*Problem statement*.
Could you restate word for word the lines running from the one with "Sore Throat Spray" to the end of the data, both ends included, but without pictures?

Captioned web images:
-.-.-

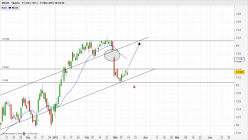 ENGIE - Daily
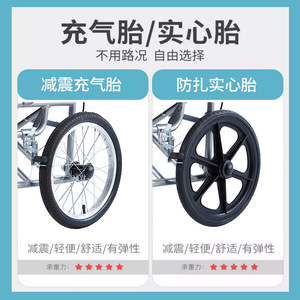 Wanshun Medical Manual Wheelchair 16 Inches Foldable Backrest Portable For Elderly And Disabled - Product Image 5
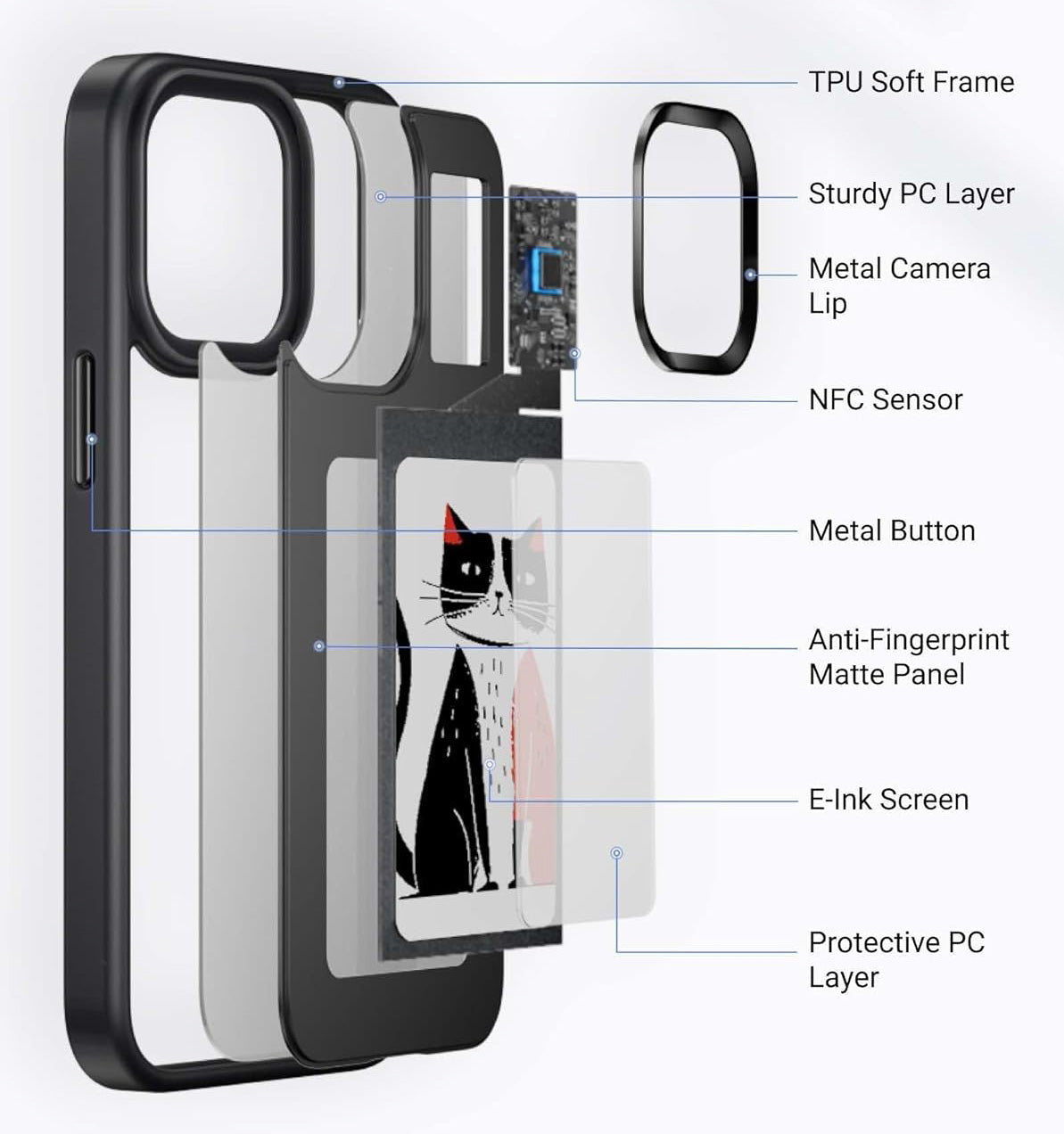 E-Ink MagSafe Back Plate (New & Notable)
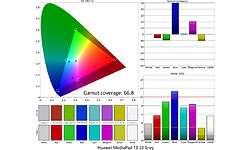 Huawei MediaPad T3 4G 16GB Grey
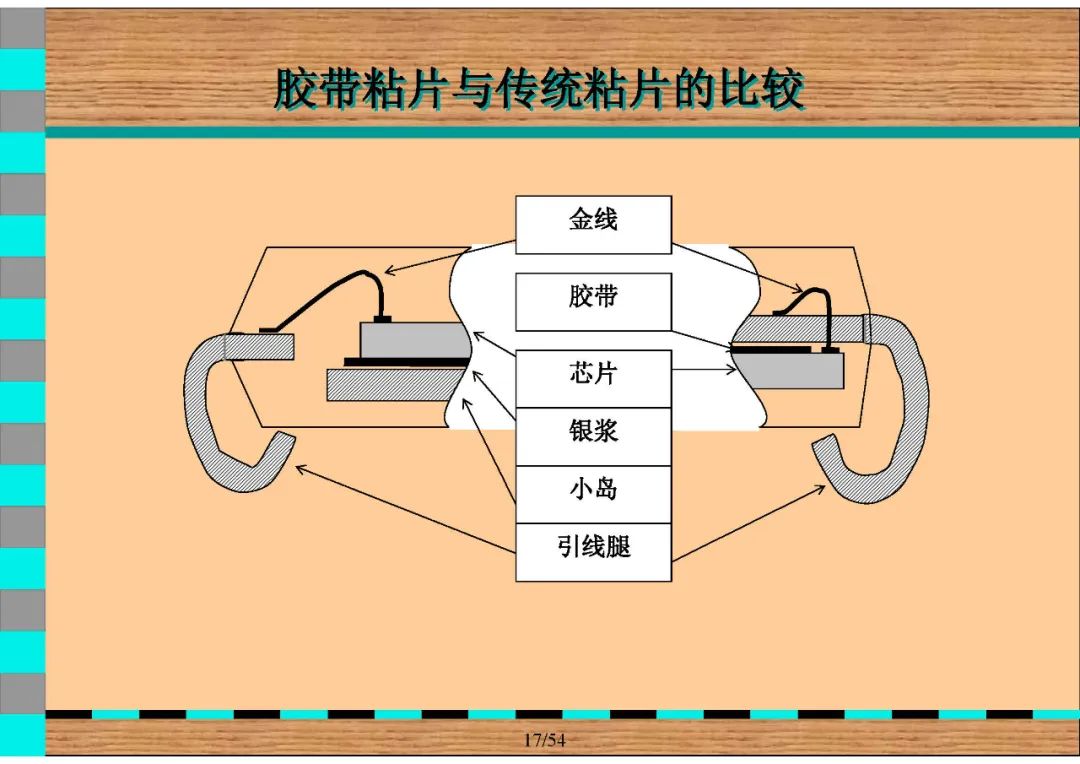 电路图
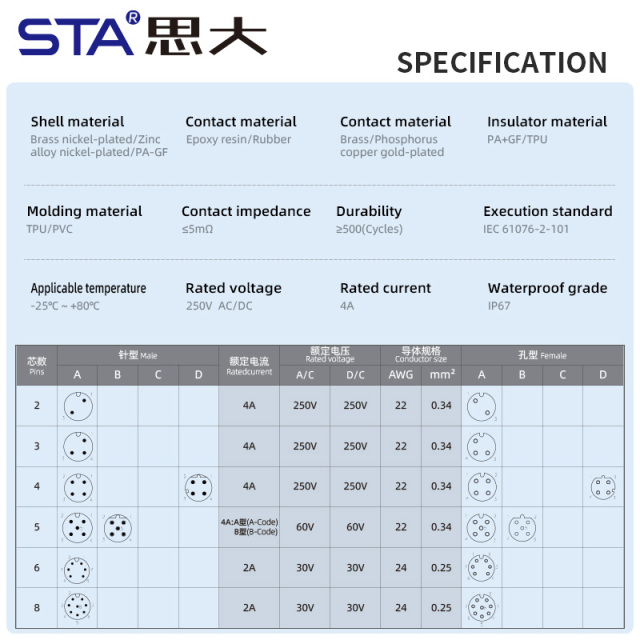 M12 T-Type Metal/Plastic Adapter Connector IP67 Waterproof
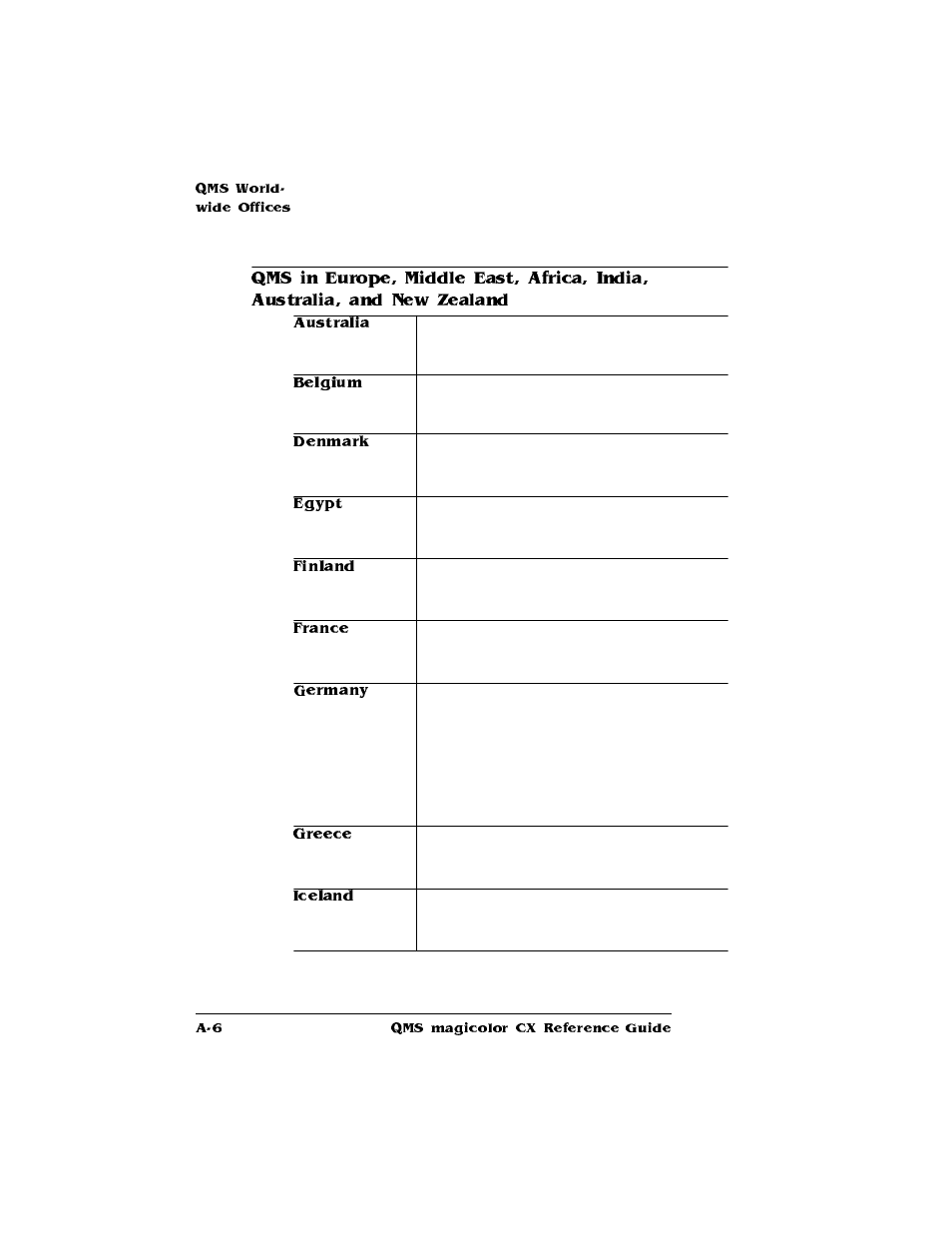 Konica Minolta QMS magicolor CX Reference User Manual | Page 178 / 202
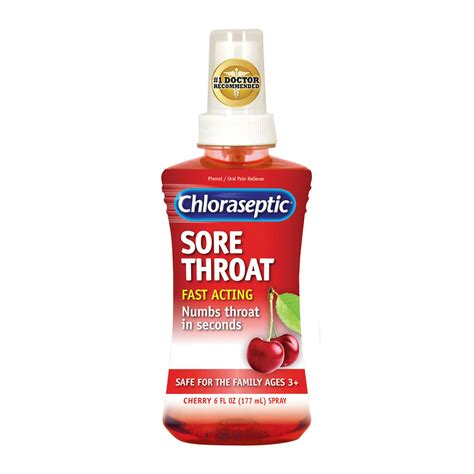 Sore Throat Spray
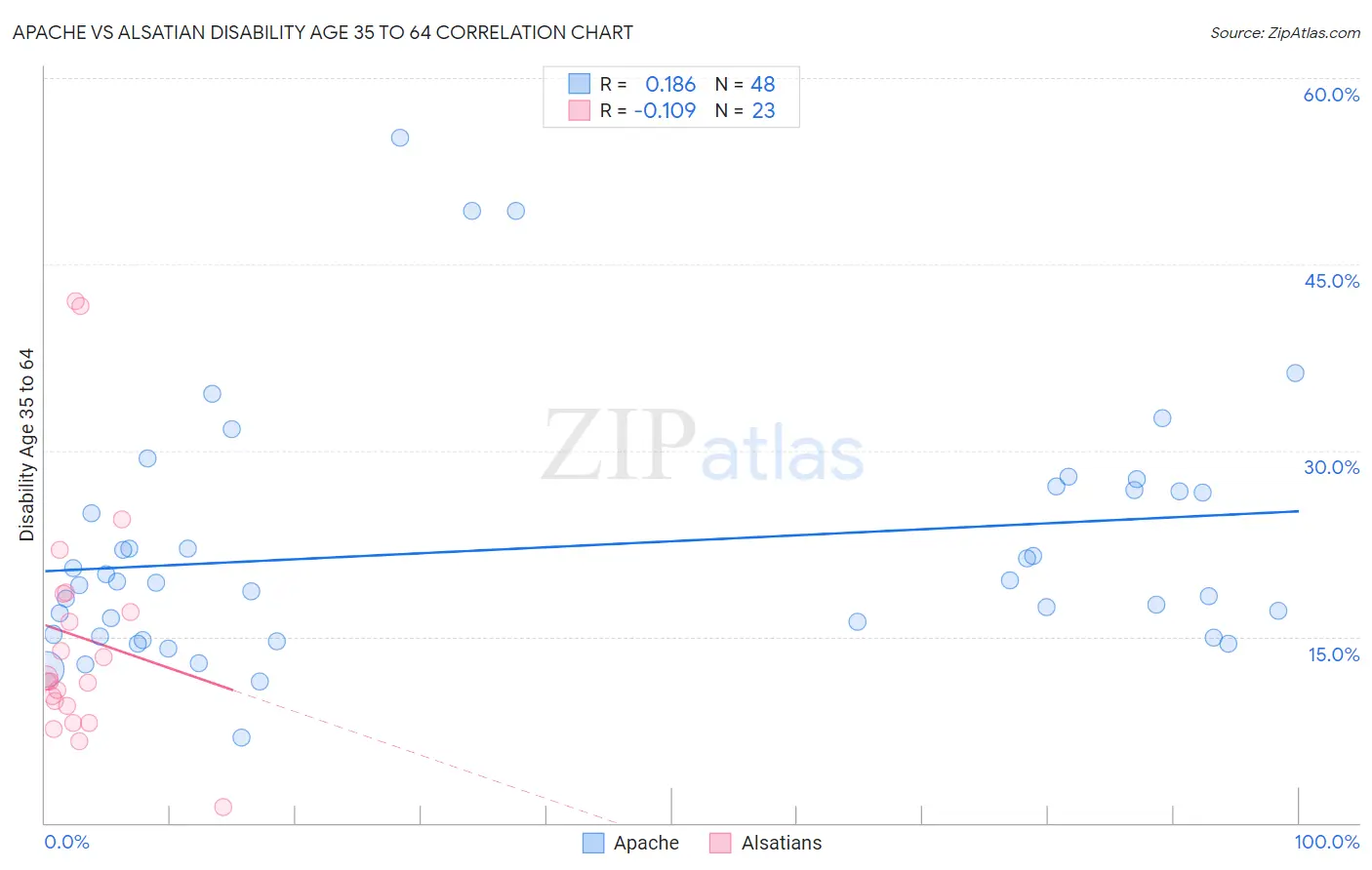 Apache vs Alsatian Disability Age 35 to 64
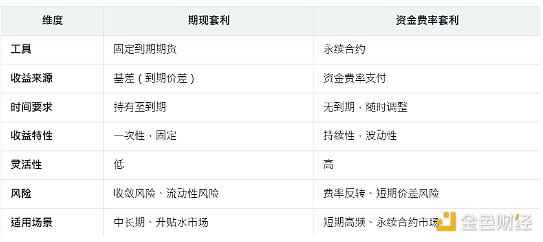 比特币强势反弹：9月8日行情预测成真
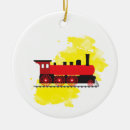 Search for steam train christmas tree decorations Trains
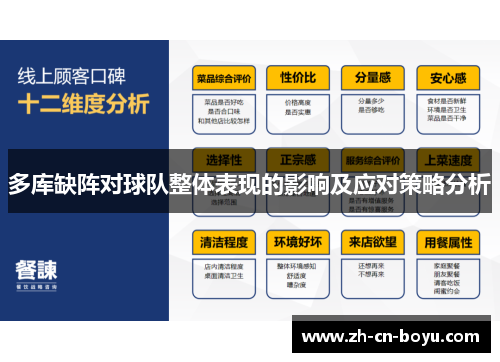 多库缺阵对球队整体表现的影响及应对策略分析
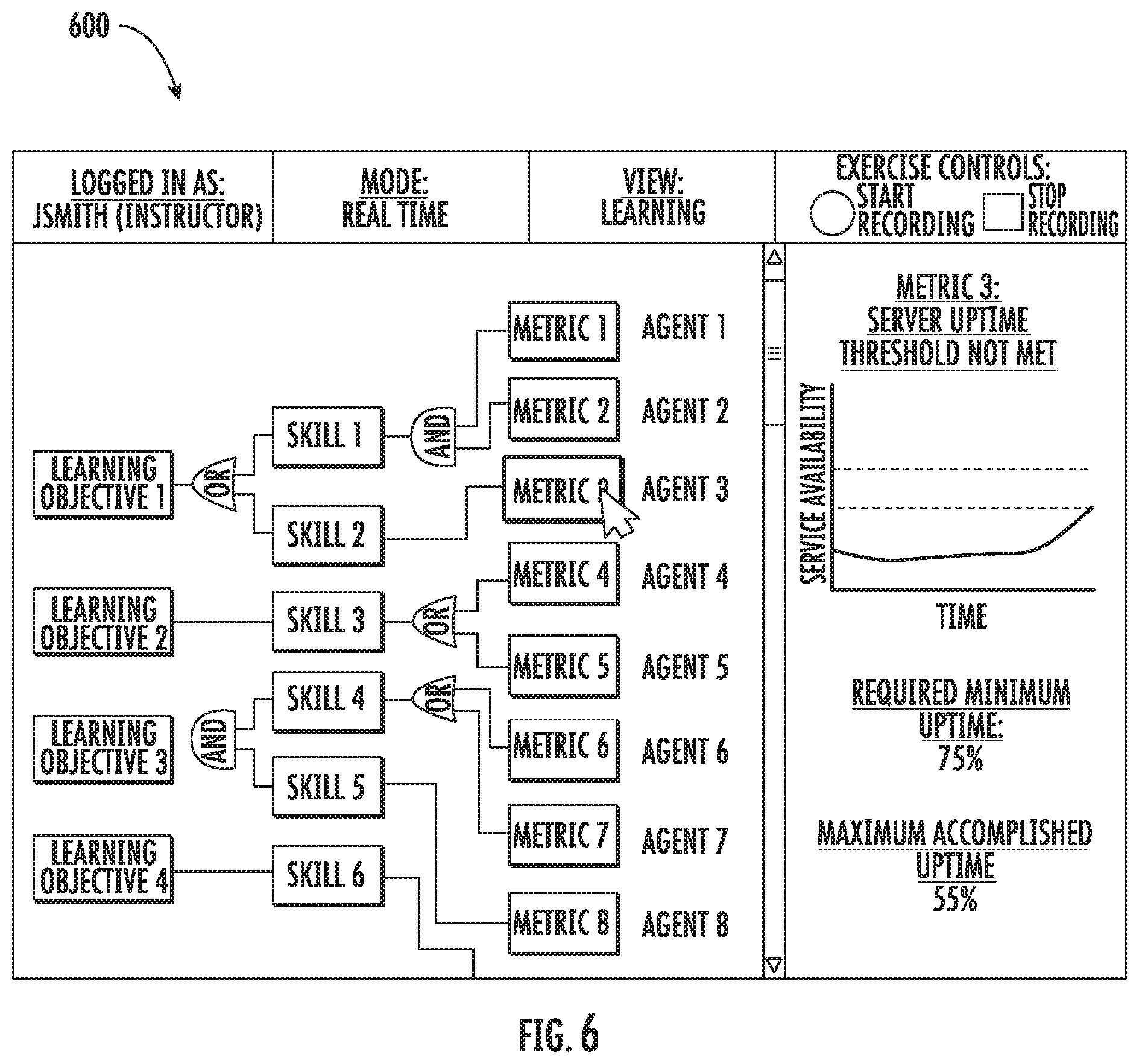 Patent US12597362 Figure 6 – Networked virtual reality training systems and methods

-.-.-

*Problem solution*.
 Sore Throat Spray
 Apache vs Alsatian Disability Age 35 to 64
 比特币强势反弹：9月8日行情预测成真
 Search for steam train christmas tree decorations Trains
 多库缺阵对球队整体表现的影响及应对策略分析
 Patent US12597362 Figure 6 – Networked virtual reality training systems and methods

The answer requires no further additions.